AIM OF THE TASK: Look through the listing below for the line containing "5. Product Information". Copy it and each line after it up to and including the line containing "In the first half, what", exactly, leaving out pictures.

SUPPLIED MATERIAL:
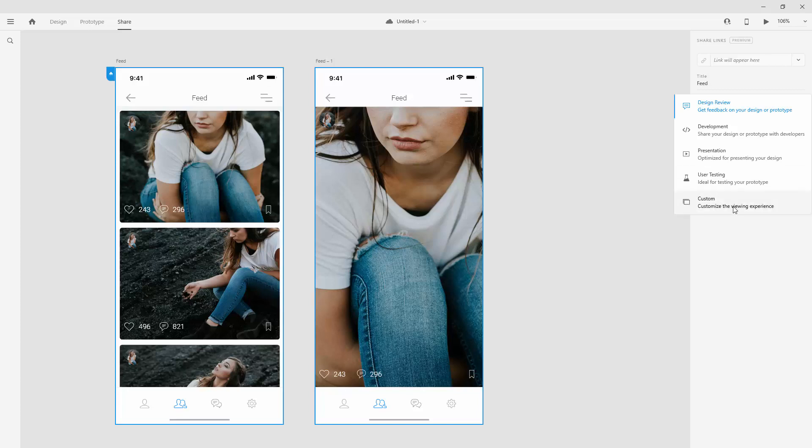And finally, we have the custom. So you can customize whatever appears on the screen when somebody else is viewing this prototype, or when you're sharing this prototype as part of the presentation, for example.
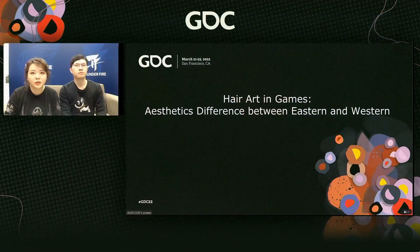Hello everyone, nice to see you here. We are very honored to give this talk at GDC. Our topic is Hair Art in Games, Aesthetics difference between Eastern and Western. Thanks for coming to our speech.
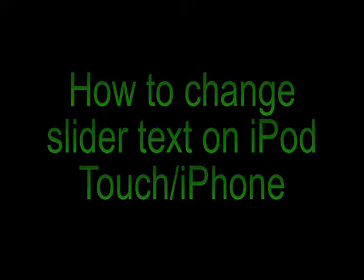What's up YouTube? Today I'm going to show you how you can change the slider texts on your iPod Touch or your iPhone. Those are the things like the slide to unlock when you're on your lock screen, slide to power off, slide to answer, and slide to cancel your sync whenever you plug it into your computer.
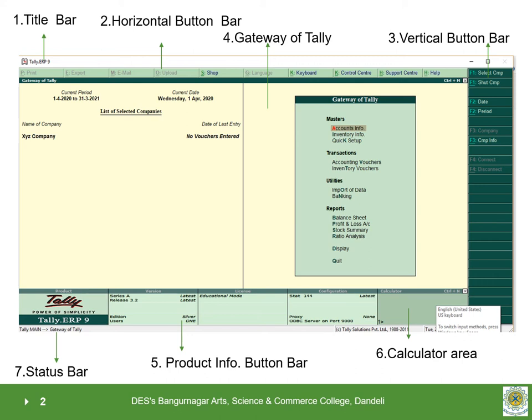5. Product Information bar. It displays version number, your license details, configuration details, etc. 6. Calculator area. It is used for calculation purposes. The shortcut key is Ctrl plus N.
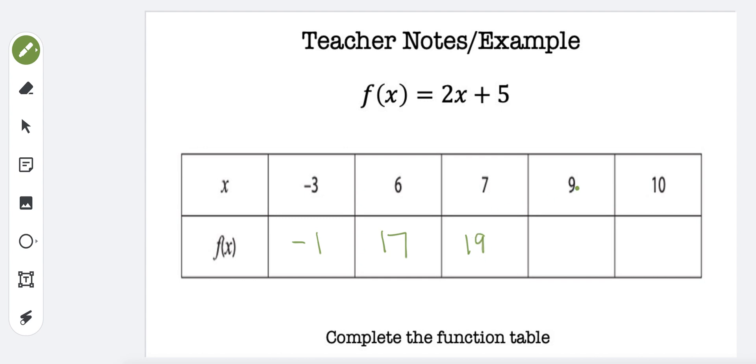Next one, when x is 9. 2 times 9 is 18, plus 5 is 23.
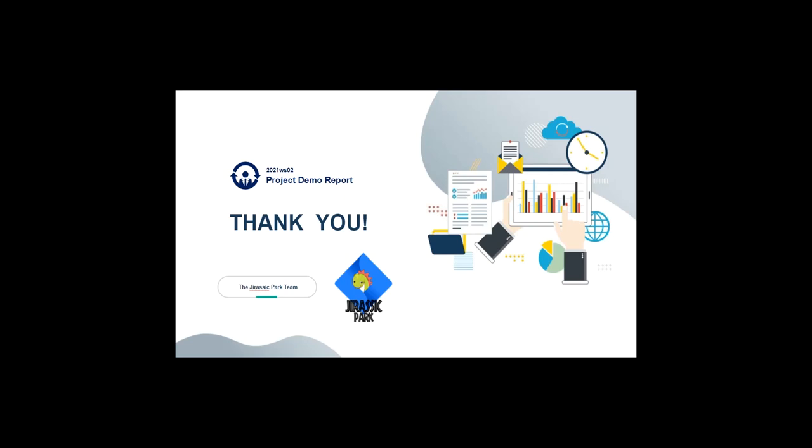That is all of our demo video. I hope you enjoyed this and thank you very much for participating.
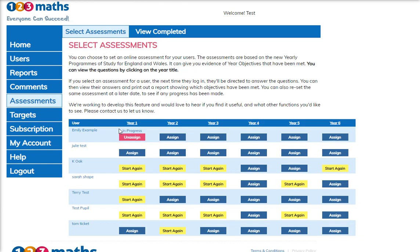So when Emily logs into her account she will see that there is an assessment to take. Once that has been completed, this box will then turn yellow and gives you the opportunity to reassign and set the assessment again for Emily.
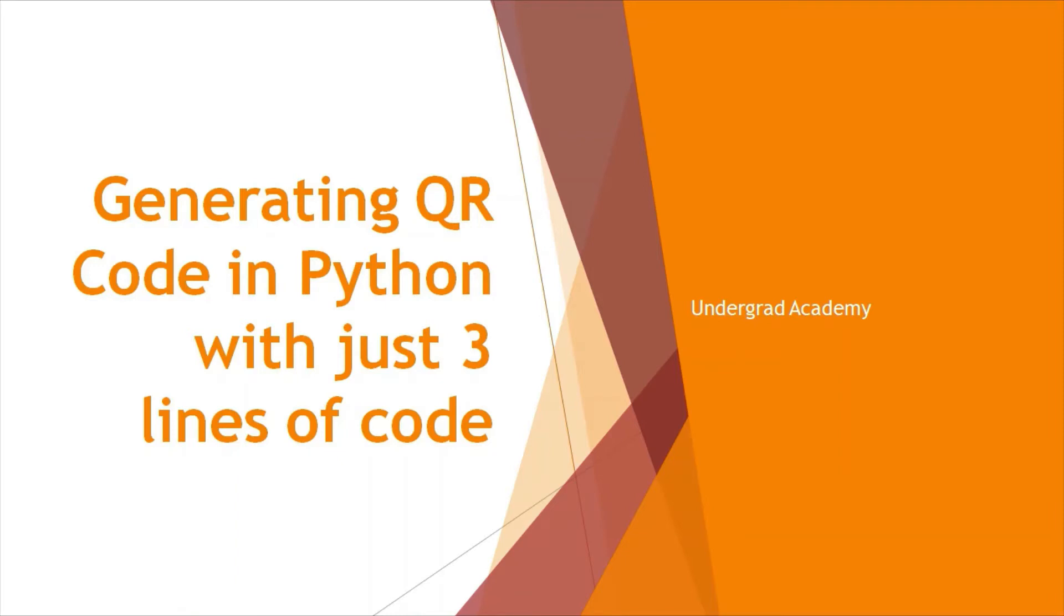Hello everyone, I welcome you all to the series of lectures on Python programming language offered by Undergrad Academy. Today we will be writing a three-line code to generate QR code.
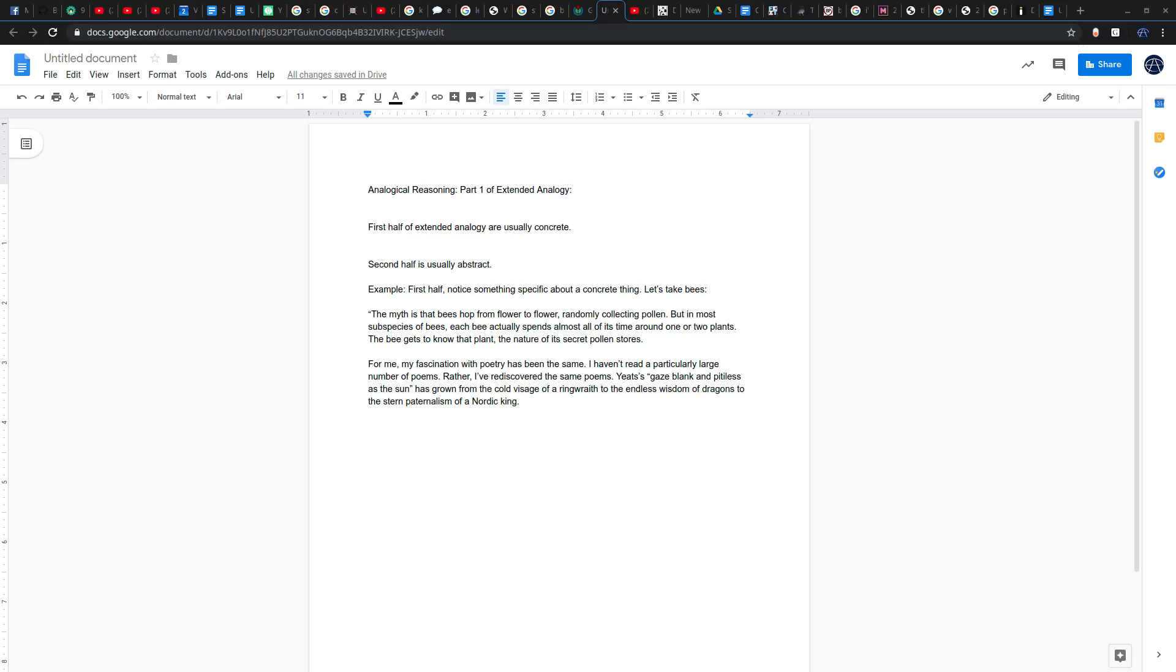In the first half, what do we do? We set up the thing that we're going to be comparing it to. We took a few sentences to do that. You can do that with an extended metaphor or an extended simile. We just described something that was specific and interesting. Even in the first half, we tried to have something unexpected. And then in the second half, we connected the abstract thing, the slightly more abstract thing, to that unexpected thing.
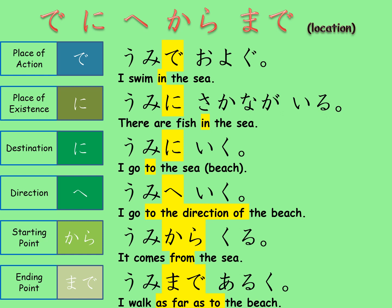The last two here make a pair: kara and made. Kara indicates the starting point and made shows the end point. 'Umi kara kuru' means 'it comes from the sea,' and 'umi made aruku' means 'I walk as far as the beach.' Some verbs like aruku do not take the destination marker ni, so sometimes made is used instead of ni.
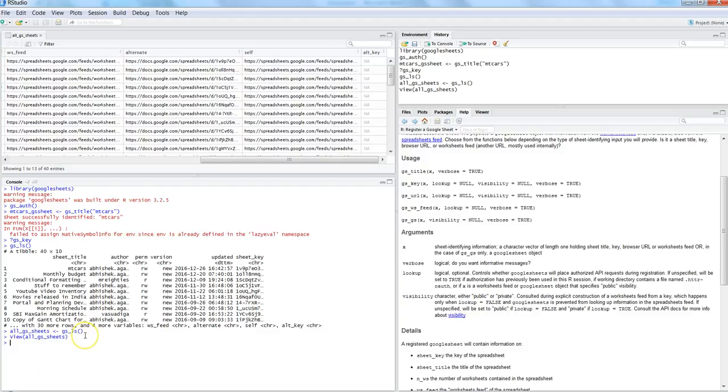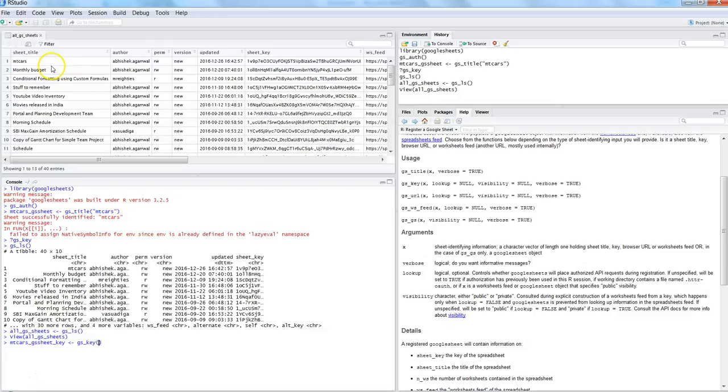So GS_LS is a very useful command to get all information related to your sheets. After that, we set empty_cars_GS_sheet_key equals GS_key and specify the key — copying it from the GS_LS output and providing it in double quotes. Once we do that it says 'sheet successfully identified: empty cars', and this time it doesn't give any warning. This is the second option by which you can register a sheet.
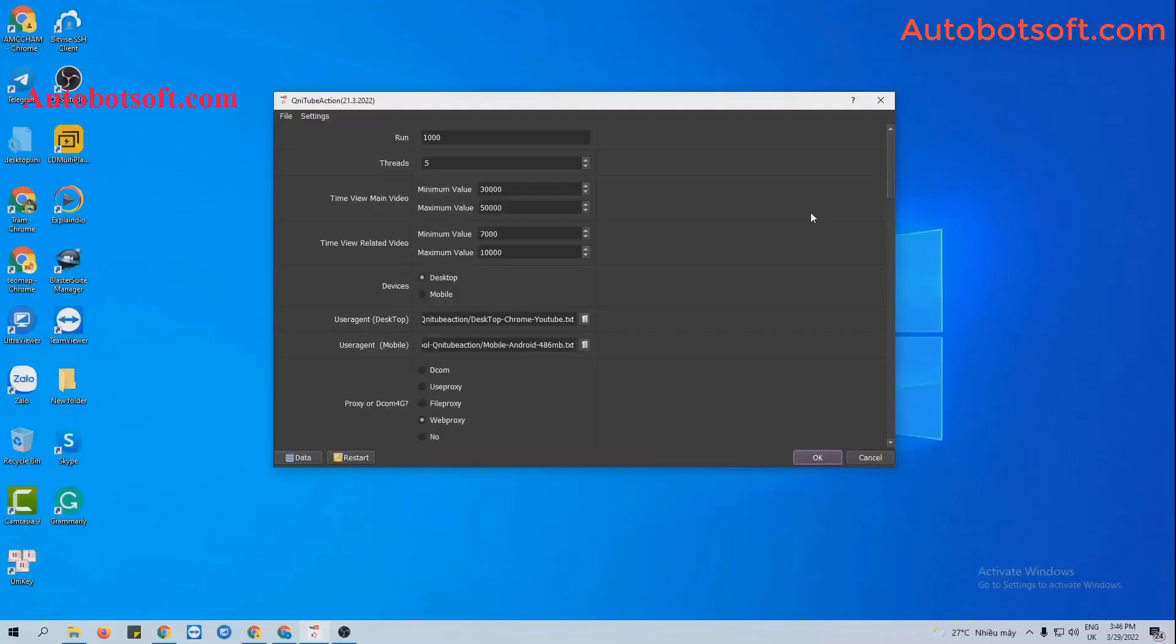After installing the software, login with provided username and password and you will see the interface here. There are some basic settings to set up before running any function.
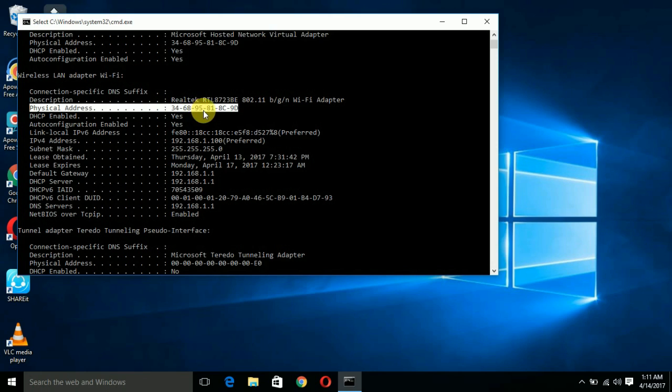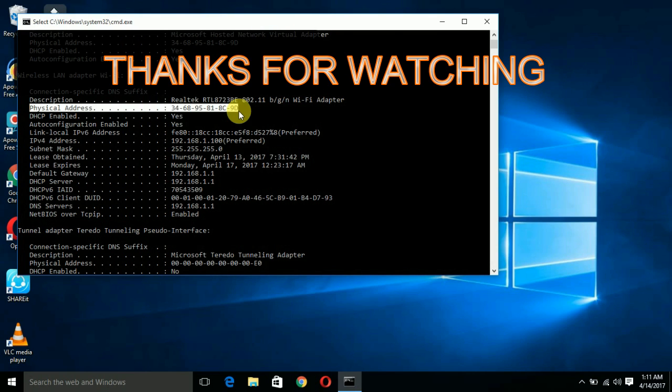For me, it is 34-68-95-81-80-C-90. Like this, you can find out your MAC address very easily. If you have any questions on this video, please don't forget to ask in the comment section below. Please like my video and subscribe to my channel.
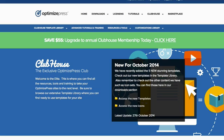So if you're a member of the Clubhouse you can jump in and download them now, and if you're not a member there's more information below this video on how you can join.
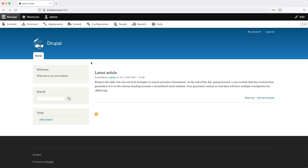In the previous video, you learned how to create a basic block and how to create your own block type using the custom block module. Now I want to show you how to create a block that will query and display content from within Drupal, and then we'll add the block into the sidebar region. To build this block, we'll use the views module.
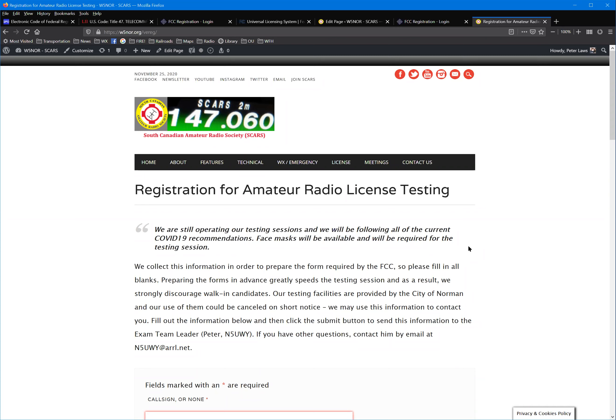It will be processed on the next business day. So we plan to test on the 19th, which is a Saturday. Your licenses will post first thing in the morning on Monday, so you'll have a call sign by Monday morning. Once you have that call sign in your hot little hands, you'll be able to operate, assuming you have a radio.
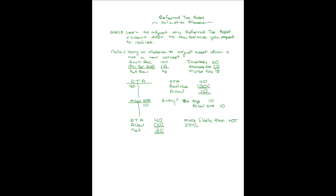The valuation allowance account is set up because you don't think you'll have enough income to ever realize that tax benefit. It doesn't speak highly of going concern, does it? Thanks for joining me on this topic of the deferred tax valuation allowance account.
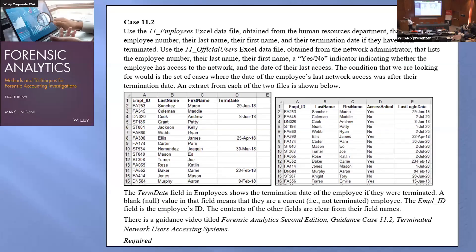Hello. I had a student project — this happened years ago — and I had two tables. One table was employees and the other was termination dates. I asked the students whether any employees had been accessing the network after their termination date.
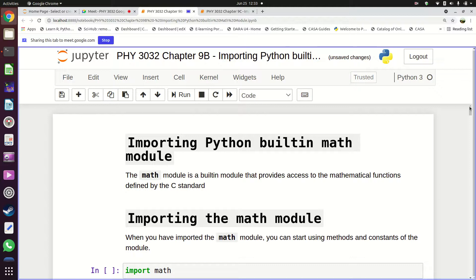The last time we met on Tuesday we looked at how to import a module in Python, and the module we used for that was the math module. Today we're going to look at the math module in detail — how to import it and how to use some of the constants and functions in the math module.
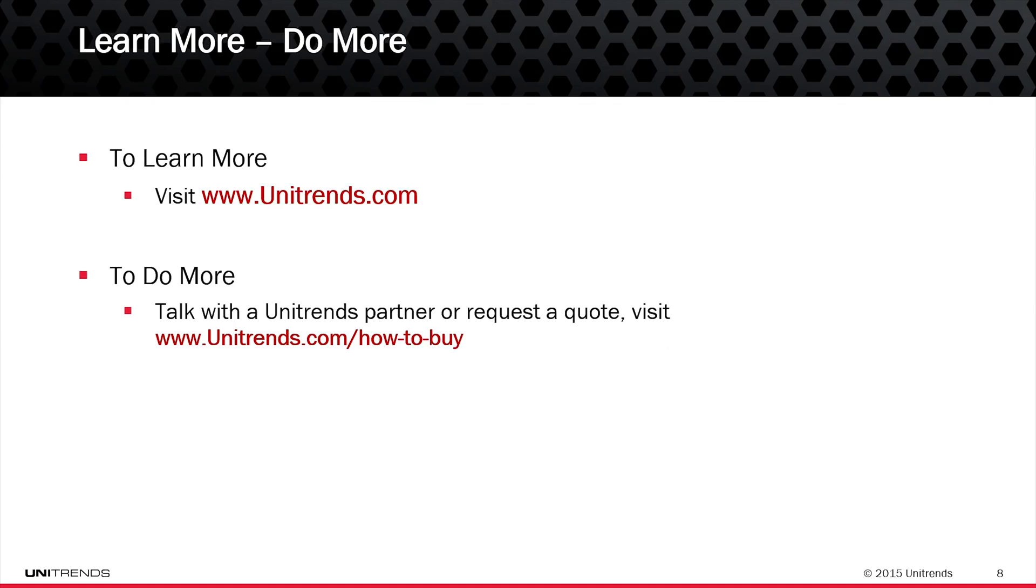Thanks for watching. That concludes this video and we encourage you to check out the other videos. For more information, go to Unitrends.com.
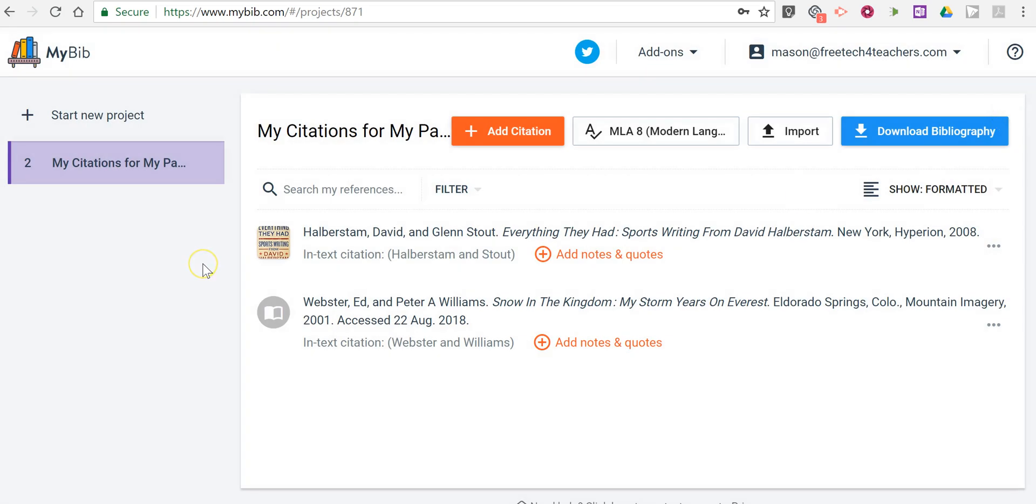So that's how you can use MyBib to create a bibliography. As always, for more tips and tricks like this, please check out FreeTechForTeachers.com and PracticalEdTech.com.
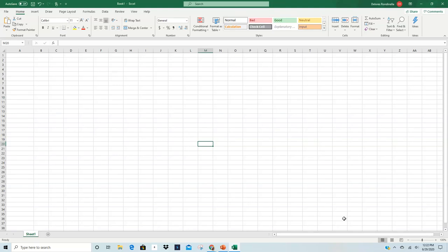Hello, everyone. It is Dee Rondinella, your Technology Training Coordinator for the Stark Library, with this week's sneak peek into technology, Excel Mouse Pointers.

EXERCISE RESULT:
5. Product Information bar. It displays version number, your license details, configuration details, etc. 6. Calculator area. It is used for calculation purposes. The shortcut key is Ctrl plus N.
Next one, when x is 9. 2 times 9 is 18, plus 5 is 23.
That is all of our demo video. I hope you enjoyed this and thank you very much for participating.
So when Emily logs into her account she will see that there is an assessment to take. Once that has been completed, this box will then turn yellow and gives you the opportunity to reassign and set the assessment again for Emily.
Hello everyone, I welcome you all to the series of lectures on Python programming language offered by Undergrad Academy. Today we will be writing a three-line code to generate QR code.
In the first half, what do we do? We set up the thing that we're going to be comparing it to. We took a few sentences to do that. You can do that with an extended metaphor or an extended simile. We just described something that was specific and interesting. Even in the first half, we tried to have something unexpected. And then in the second half, we connected the abstract thing, the slightly more abstract thing, to that unexpected thing.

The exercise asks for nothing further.